# Good mixed mess on Yellow today.



## Geezer (Mar 30, 2014)

Good bite on Yellow early this morning & a pretty good mixed mess.


----------



## Jason (Oct 2, 2007)

Way ta make a meal fer a king!!! Good deal! When did they cut off, about the 95 degree mark???


----------



## Garbo (Oct 2, 2007)

Jason said:


> Way ta make a meal fer a king!!! Good deal! When did they cut off, about the 95 degree mark???




Jason is Right....That is a GREAT Box.

Made me slobber


----------



## sureicanfish (Sep 30, 2007)

Very nice


----------



## Try'n Hard (Oct 23, 2008)

Fishing on a Monday.....Somebody offer Geezer a Mon - Fri. job! lol!!
Nice catch!


----------



## auguy7777 (Feb 23, 2009)

There should be a panfish tournament on Yellow River or at least a Warmouth Tournament. Studs coming in from everywhere!!! Those will taste good.


----------



## reel jewell (Sep 21, 2014)

Now that is a fine catch! Kings have lived and died and never had food that fine!


----------



## Geezer (Mar 30, 2014)

Jason said:


> Way ta make a meal fer a king!!! Good deal! When did they cut off, about the 95 degree mark???

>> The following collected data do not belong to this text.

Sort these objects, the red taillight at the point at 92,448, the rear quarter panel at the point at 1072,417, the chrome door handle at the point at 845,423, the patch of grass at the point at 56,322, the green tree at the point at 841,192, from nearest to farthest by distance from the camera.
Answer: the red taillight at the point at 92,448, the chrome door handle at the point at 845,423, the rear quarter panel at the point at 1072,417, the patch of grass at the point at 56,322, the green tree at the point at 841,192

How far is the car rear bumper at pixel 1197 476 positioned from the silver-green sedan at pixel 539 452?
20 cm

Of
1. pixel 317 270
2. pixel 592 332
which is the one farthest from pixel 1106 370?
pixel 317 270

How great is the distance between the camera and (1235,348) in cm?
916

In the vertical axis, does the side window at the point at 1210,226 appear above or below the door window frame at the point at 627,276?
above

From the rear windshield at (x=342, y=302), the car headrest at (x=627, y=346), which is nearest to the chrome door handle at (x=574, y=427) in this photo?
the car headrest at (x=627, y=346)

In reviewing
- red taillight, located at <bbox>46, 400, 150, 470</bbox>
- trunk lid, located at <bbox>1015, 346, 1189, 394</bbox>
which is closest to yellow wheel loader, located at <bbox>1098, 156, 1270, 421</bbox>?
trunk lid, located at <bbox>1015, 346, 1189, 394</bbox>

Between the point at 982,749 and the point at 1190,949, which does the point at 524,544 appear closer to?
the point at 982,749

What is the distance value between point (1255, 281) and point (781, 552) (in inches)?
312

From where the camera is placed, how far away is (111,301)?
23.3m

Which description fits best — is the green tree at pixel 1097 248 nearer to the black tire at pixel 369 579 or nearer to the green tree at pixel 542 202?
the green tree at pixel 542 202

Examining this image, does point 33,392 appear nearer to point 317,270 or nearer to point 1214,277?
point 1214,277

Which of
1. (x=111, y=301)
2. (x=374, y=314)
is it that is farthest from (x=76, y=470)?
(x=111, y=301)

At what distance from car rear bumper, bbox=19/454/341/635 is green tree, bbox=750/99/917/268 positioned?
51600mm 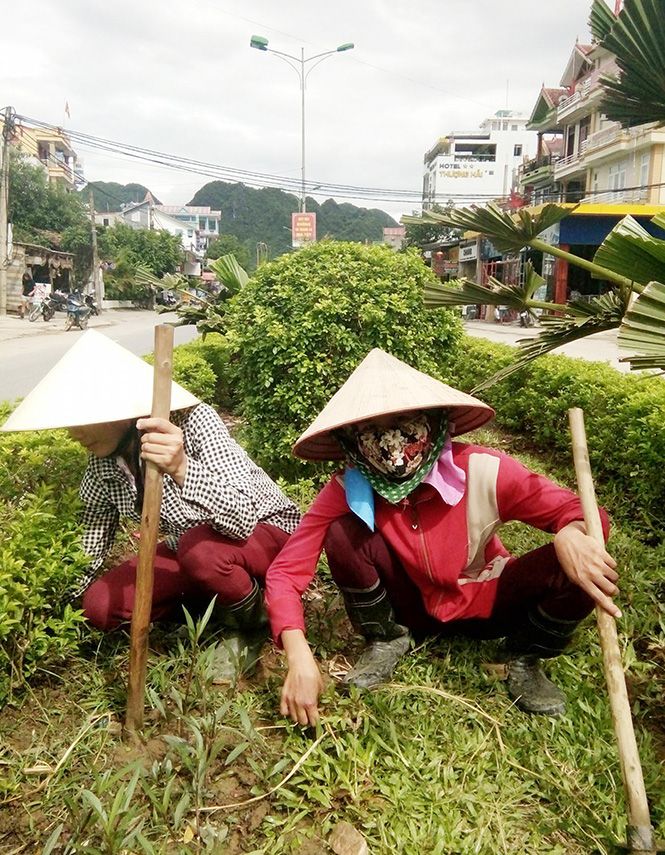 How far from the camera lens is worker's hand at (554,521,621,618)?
1733 millimetres

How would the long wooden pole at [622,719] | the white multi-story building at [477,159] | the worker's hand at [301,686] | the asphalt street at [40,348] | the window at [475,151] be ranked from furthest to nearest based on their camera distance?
the window at [475,151]
the white multi-story building at [477,159]
the asphalt street at [40,348]
the worker's hand at [301,686]
the long wooden pole at [622,719]

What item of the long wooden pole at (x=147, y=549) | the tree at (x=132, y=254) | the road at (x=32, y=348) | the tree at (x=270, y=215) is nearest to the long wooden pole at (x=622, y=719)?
the long wooden pole at (x=147, y=549)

At about 9 AM, they were pretty much done. Water temp (in the shade) was almost 82 degrees.


----------



## FishWalton (Jul 22, 2010)

Another great Yellow River catch . 

That idea on a yellow River Bream Tournament......good idea. There is one over here every year on the Choctawhatchee at Red Bay Grocery


----------



## GROUPERKING (Sep 28, 2011)

Nice mess ! :thumbup:


----------



## olegator (Dec 6, 2014)

Man, that is a nice mixed mess....heat up the p-nut oil!


----------